Task statement
Reproduce the listing below exactly, from its first line down to and including the line with "Handmade speckled clay".

================

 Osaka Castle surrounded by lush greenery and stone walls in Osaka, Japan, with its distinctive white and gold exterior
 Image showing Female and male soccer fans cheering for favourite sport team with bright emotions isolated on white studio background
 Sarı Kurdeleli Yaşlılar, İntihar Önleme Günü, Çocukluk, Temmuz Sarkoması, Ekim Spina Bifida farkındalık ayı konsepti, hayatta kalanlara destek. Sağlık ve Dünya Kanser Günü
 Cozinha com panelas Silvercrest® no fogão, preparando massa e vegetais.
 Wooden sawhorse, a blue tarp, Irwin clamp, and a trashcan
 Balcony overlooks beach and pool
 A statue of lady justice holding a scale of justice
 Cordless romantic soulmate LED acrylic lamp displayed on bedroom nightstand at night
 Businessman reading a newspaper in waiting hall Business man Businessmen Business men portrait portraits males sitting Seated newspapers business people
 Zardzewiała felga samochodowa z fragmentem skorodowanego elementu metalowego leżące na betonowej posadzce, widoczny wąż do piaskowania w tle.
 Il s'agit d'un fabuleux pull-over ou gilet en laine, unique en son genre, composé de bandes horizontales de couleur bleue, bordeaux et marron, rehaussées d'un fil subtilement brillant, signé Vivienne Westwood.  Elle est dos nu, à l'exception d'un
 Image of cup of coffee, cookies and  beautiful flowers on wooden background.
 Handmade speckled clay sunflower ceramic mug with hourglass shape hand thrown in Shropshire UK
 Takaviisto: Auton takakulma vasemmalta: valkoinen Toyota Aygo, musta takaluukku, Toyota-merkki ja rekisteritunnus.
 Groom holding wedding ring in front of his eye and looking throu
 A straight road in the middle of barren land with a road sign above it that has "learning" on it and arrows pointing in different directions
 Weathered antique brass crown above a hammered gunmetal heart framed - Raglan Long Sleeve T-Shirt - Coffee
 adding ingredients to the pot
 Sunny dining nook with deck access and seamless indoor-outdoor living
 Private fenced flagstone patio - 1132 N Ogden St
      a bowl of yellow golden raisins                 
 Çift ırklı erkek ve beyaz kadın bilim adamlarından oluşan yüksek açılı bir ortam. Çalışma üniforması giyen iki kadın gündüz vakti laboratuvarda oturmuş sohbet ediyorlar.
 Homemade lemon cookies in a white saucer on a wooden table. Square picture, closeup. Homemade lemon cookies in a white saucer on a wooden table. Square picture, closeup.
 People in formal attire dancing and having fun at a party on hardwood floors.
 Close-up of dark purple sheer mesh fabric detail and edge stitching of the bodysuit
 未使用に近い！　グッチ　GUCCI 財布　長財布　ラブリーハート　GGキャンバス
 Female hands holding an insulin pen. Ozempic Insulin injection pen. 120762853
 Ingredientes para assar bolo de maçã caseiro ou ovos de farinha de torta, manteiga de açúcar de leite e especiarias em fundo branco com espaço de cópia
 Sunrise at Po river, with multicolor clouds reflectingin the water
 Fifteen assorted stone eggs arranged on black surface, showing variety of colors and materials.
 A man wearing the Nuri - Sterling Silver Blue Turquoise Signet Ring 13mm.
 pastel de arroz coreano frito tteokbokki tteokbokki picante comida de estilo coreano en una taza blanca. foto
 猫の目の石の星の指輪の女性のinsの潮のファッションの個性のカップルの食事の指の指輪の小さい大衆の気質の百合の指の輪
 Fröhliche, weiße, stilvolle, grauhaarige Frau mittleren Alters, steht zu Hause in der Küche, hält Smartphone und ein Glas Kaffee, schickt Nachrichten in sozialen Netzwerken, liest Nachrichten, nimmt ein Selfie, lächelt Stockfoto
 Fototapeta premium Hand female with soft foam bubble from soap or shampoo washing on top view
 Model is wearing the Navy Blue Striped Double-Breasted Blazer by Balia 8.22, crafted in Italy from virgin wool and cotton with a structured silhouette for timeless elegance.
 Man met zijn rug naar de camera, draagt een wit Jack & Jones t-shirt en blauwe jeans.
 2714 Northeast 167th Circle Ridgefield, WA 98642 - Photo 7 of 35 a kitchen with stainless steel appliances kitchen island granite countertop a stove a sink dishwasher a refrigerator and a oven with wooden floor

================

Answer
 Osaka Castle surrounded by lush greenery and stone walls in Osaka, Japan, with its distinctive white and gold exterior
 Image showing Female and male soccer fans cheering for favourite sport team with bright emotions isolated on white studio background
 Sarı Kurdeleli Yaşlılar, İntihar Önleme Günü, Çocukluk, Temmuz Sarkoması, Ekim Spina Bifida farkındalık ayı konsepti, hayatta kalanlara destek. Sağlık ve Dünya Kanser Günü
 Cozinha com panelas Silvercrest® no fogão, preparando massa e vegetais.
 Wooden sawhorse, a blue tarp, Irwin clamp, and a trashcan
 Balcony overlooks beach and pool
 A statue of lady justice holding a scale of justice
 Cordless romantic soulmate LED acrylic lamp displayed on bedroom nightstand at night
 Businessman reading a newspaper in waiting hall Business man Businessmen Business men portrait portraits males sitting Seated newspapers business people
 Zardzewiała felga samochodowa z fragmentem skorodowanego elementu metalowego leżące na betonowej posadzce, widoczny wąż do piaskowania w tle.
 Il s'agit d'un fabuleux pull-over ou gilet en laine, unique en son genre, composé de bandes horizontales de couleur bleue, bordeaux et marron, rehaussées d'un fil subtilement brillant, signé Vivienne Westwood.  Elle est dos nu, à l'exception d'un
 Image of cup of coffee, cookies and  beautiful flowers on wooden background.
 Handmade speckled clay sunflower ceramic mug with hourglass shape hand thrown in Shropshire UK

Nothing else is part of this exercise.